The prototype was tested on a smart light, a smart TV, and a computer mouse. Results showed successful end-to-end control across all three devices, object-detection accuracy of 97.7% on a validation dataset, and an average detection time of approximately 0.21 seconds per image. User feedback indicated that the system was comfortable, usable, and effective, though somewhat heavy. Overall, G.L.A.S.S. demonstrates the feasibility of a wearable, gesture-based universal interface for smart-device control, with promising implications for accessibility, convenience, and future expansion.
STS Paper Abstract:
This paper examines whether AI agents are truly becoming democratizing technologies that lower barriers to entry into labor and free people to focus on more meaningful work. Public discourse often presents AI agents as autonomous systems capable of replacing workers, transforming industries, or allowing non-experts to perform highly skilled labor. To investigate these claims, this project analyzes public documentation, product messaging, and user accounts of several AI-agent and AI-assistant technologies, with particular attention to coding agents such as Bolt.new and note-taking assistants such as Fireflies, Otter, and similar platforms. Using Actor-Network Theory (ANT) as an analytical framework, the paper studies how these systems do or do not stabilize as actors within labor networks.

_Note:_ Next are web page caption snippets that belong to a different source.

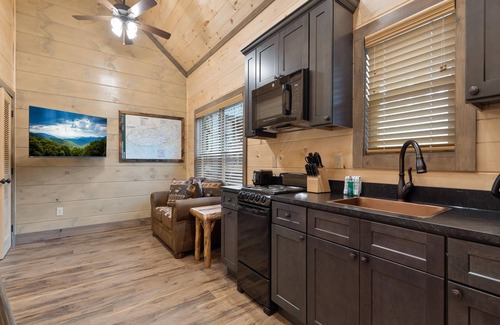 Rocky Grove Cabin | Maddron Bald | New Tiny Home + Wooded Balcony Views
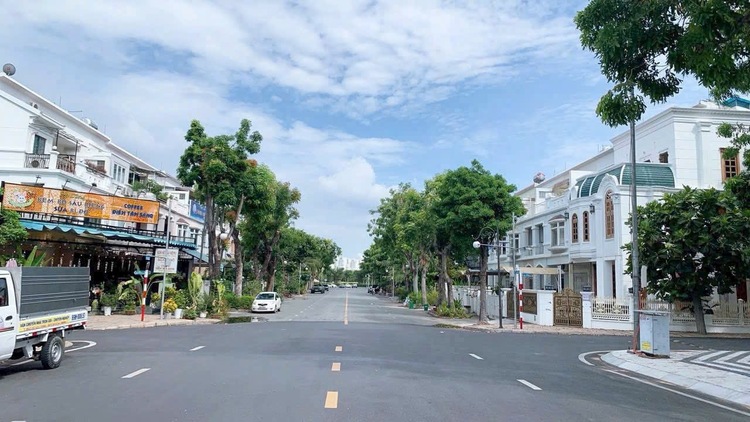 Cập nhật giá căn hộ - nhà phố kinh doanh - biệt thự Phú Mỹ Hưng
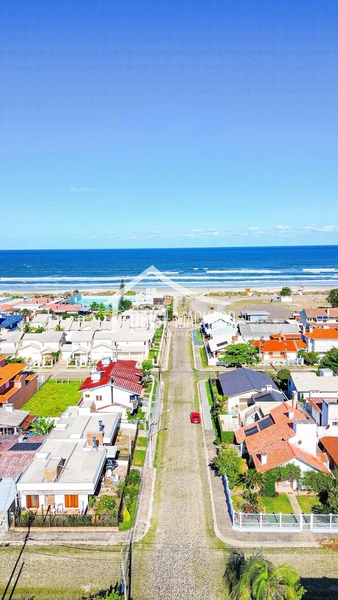 CASA 3 DORMITÓRIOS LOCALIZADA A POUCOS METROS DO MAR!: 51ª foto da galeria de imagens do imóvel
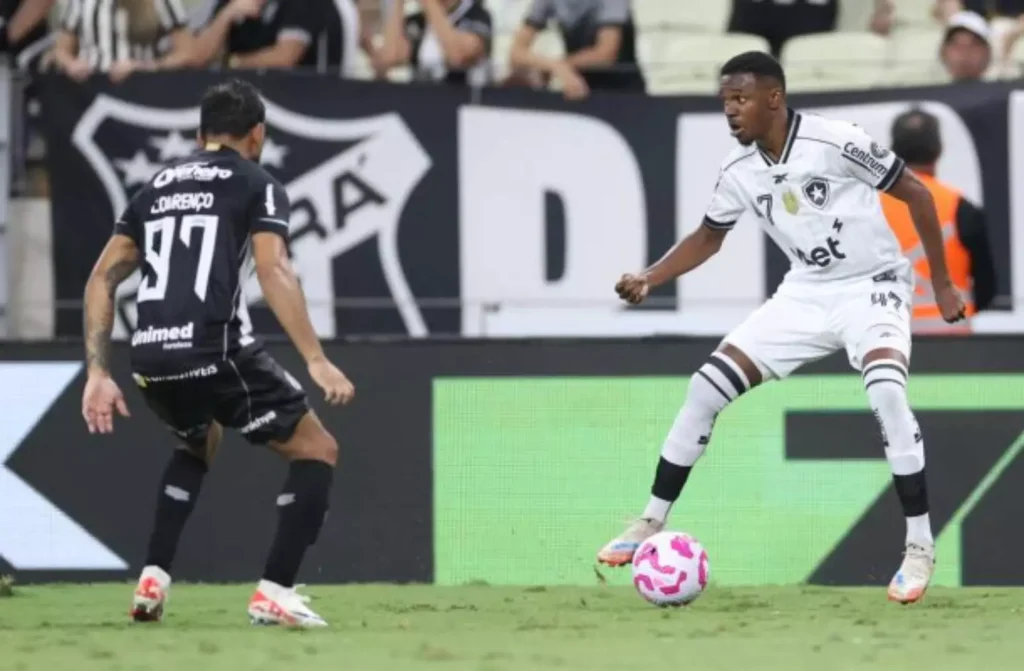 Futuro de Jeffinho no Botafogo é um ponto de interrogação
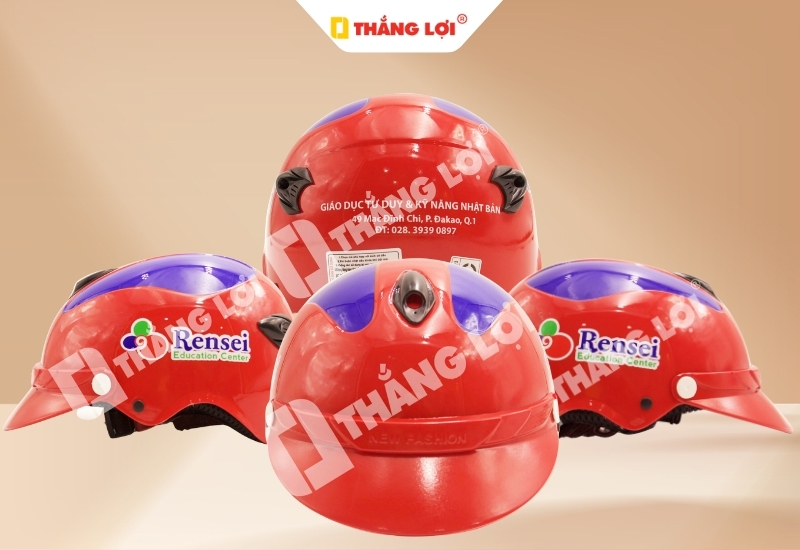 Mẫu nón bảo hiểm màu đỏ in logo giáo dục tư duy Rensei Education Center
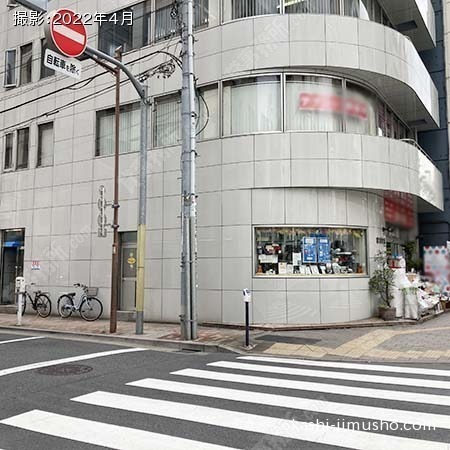 ビル前面
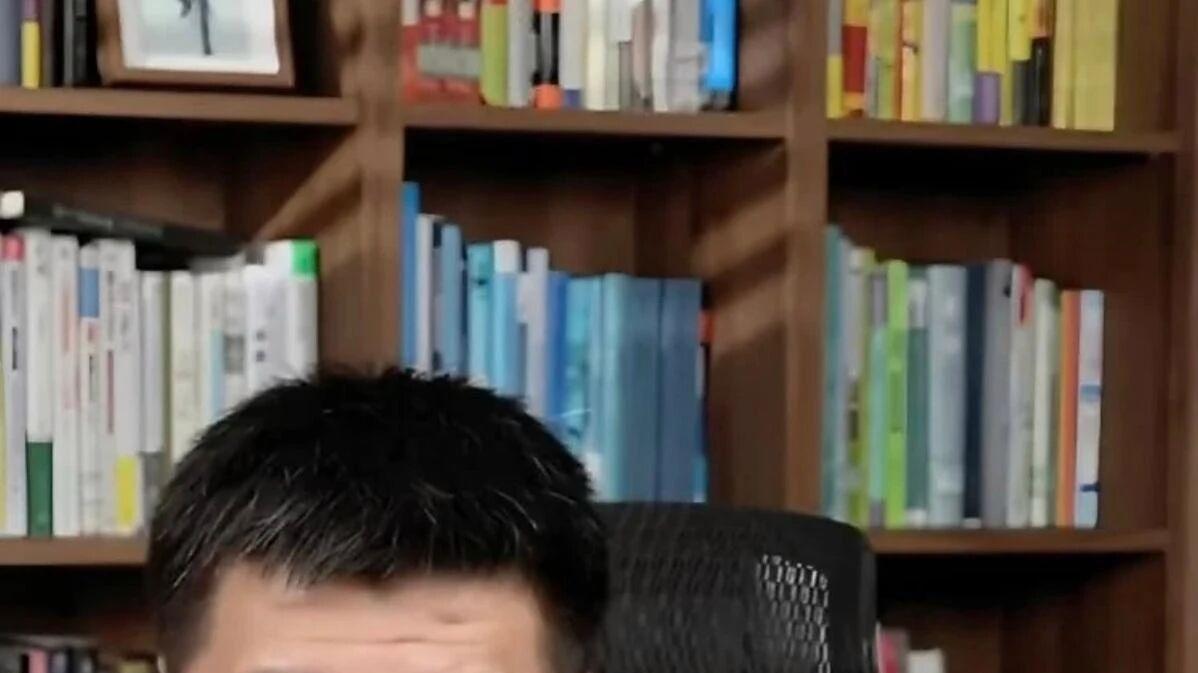 送别张雪峰：为什么全网都走不出来？我们悼念的，不只是一个人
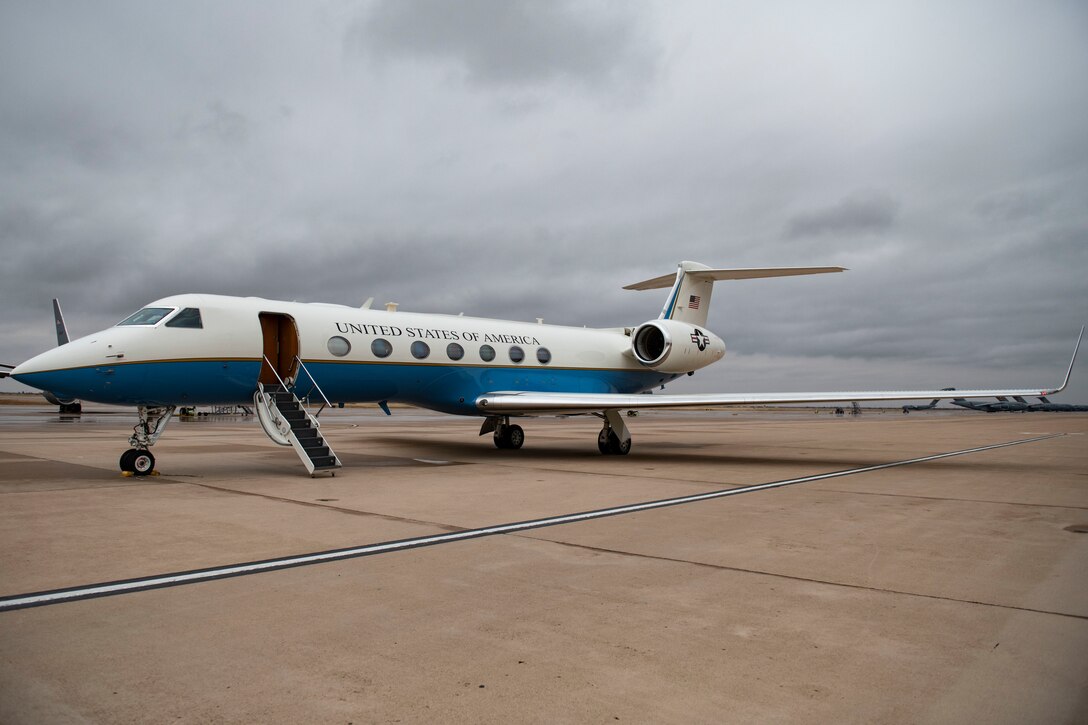 Pilots and flight attendants visit the 97th AMW.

The central finding is that AI agents rarely succeed as durable, autonomous participants in labor networks. Systems marketed as independent workers tend to fail when they are treated as central coordinators of work. In coding contexts, Bolt.new was frequently associated with abandoned projects, debug loops, ignored instructions, and heavy dependence on human intervention, especially among non-technical users. In contrast, more successful AI systems were assistants rather than agents: they performed narrow, low-risk tasks while remaining under human supervision. Coding assistants showed some productivity benefits for expert users, while note-taking assistants persisted only when users treated them as optional and supplementary rather than fully reliable.
This paper argues that current AI agents are not democratizing labor in the broad sense often promised by public rhetoric. They do not substantially remove barriers for average users, and they are not yet displacing humans in stable labor roles. Instead, limited benefits tend to accrue to already-skilled workers who can supervise, correct, and strategically deploy AI tools. AI systems therefore enter labor networks most successfully when they remain peripheral, weakly enrolled actors rather than indispensable ones.
Connection Between Technical and STS Projects:
My technical and STS projects both explore the real relationship between humans and AI systems rather than the idealized one often presented in public discourse. In my capstone project, G.L.A.S.S., the goal was to build a practical wearable system that uses computer vision and gesture recognition to help users control smart devices more intuitively. That project required thinking carefully about reliability, usability, and how much autonomy an AI-enabled system should actually have before users lose trust in it. My STS paper examines a similar issue from a societal perspective by asking whether AI agents can function as meaningful actors in labor networks. Together, the two projects show that successful AI systems are rarely fully autonomous replacements for humans. Instead, they are most effective when designed around human oversight, clear feedback, and constrained tasks. Working on both projects showed me that AI systems are useful only when carefully integrated into human workflows, rather than treated as replacements for human judgment.